さまざまな誤解が財政議論を捻じ曲げてしまっているようだ。よく聞く誤解がある主張に対して、回答を用意してみた。

よくある主張
政府の負債が家計の資産を上回り破綻するのは近い!

回答
1200兆円の政府の金融負債に対して、家計の金融資産は1700兆円程度である。政府が年間30兆円程度の赤字を出し続ければ、15年程度でのその差が無くなってしまうと言われることがある。財政破綻への終末論としてよく聞く意見である。

しかし、政府が負債を増加させ、支出をすると、民間の所得となり、民間の資産が増加することになる。政府の負債が増加しても、民間の資産が逃げ水のように増加していくことになる。民間の資産がまったく増加しないケースは、政府がすべてを海外で支出することであるが、非現実的である。

まして社会保障の支出であれば、ほとんどが国内で支出され、民間の所得となり、民間の資産が増加することは明確だ。民間の資産が一定で、政府の負債が財政赤字により増加していき、いずれ逆転すると破綻するという説明の仕方は、実体経済の動きとはかけ離れており、間違いである。

貯蓄投資バランス上の対外収支の悪化度合いは、政府の負債の増加幅から、民間の資産の増加幅を引いたものであり、その幅はかなり小さい。しかも、対外収支が赤字に転じたり、対外債務国になっても、すぐに財政が破綻するわけではないのは、黒字の国もあれば赤字の国もあるのが普通であることで自明だ。

金融資産の存在は、誰かの金融負債が裏付けとなっている。企業の負債が縮小している時、政府まで負債を縮小してしまえば、家計の所得が破壊され、家計の資産が釣り合うところまで減少してしまうことになる。

これがデフレ・スパイラルといわれる現象であり、企業の負債が縮小している時の財政緊縮が、経済の持続的な拡大にとっていかにリスクが大きいかを示している。

日本の国際経常収支の黒字額は多いときでも20兆円程度であった。

2011年の東日本大震災の時、20兆円を越えるような復興予算が必要となり、経常黒字を超える額を国債でまかなえば、貯蓄・投資バランス上、経常赤字国に転落し、国債市場が暴落するという意見が多かった。結果として、復興増税が必要であるとして、増税策の議論が足かせとなり、復興予算の決定と執行は遅れてしまった。

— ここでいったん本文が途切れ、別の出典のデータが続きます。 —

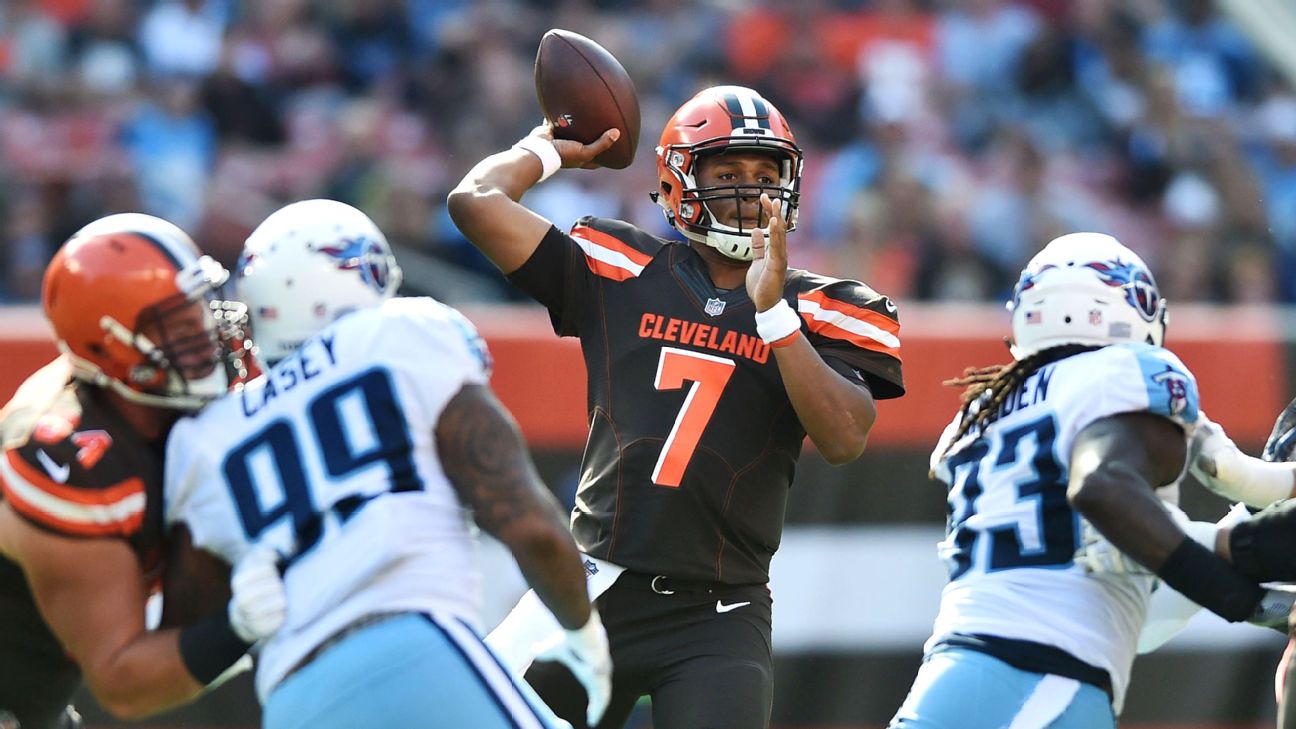 Browns going back to rookie QB Kizer to start in London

しかし、例えば、復興で20兆円程度支出をすれば、国内の所得は19兆円程度増加するだろうから、貯蓄投資バランス上、経常収支の黒字額は1兆円程度しか小さくならないのが現実であろう。政府の負債と民間の資産の関係を、実体経済の動きとかけ離れた認識で見てしまうと、震災復興などの急務の政策の足かせにもなってしまうことになる。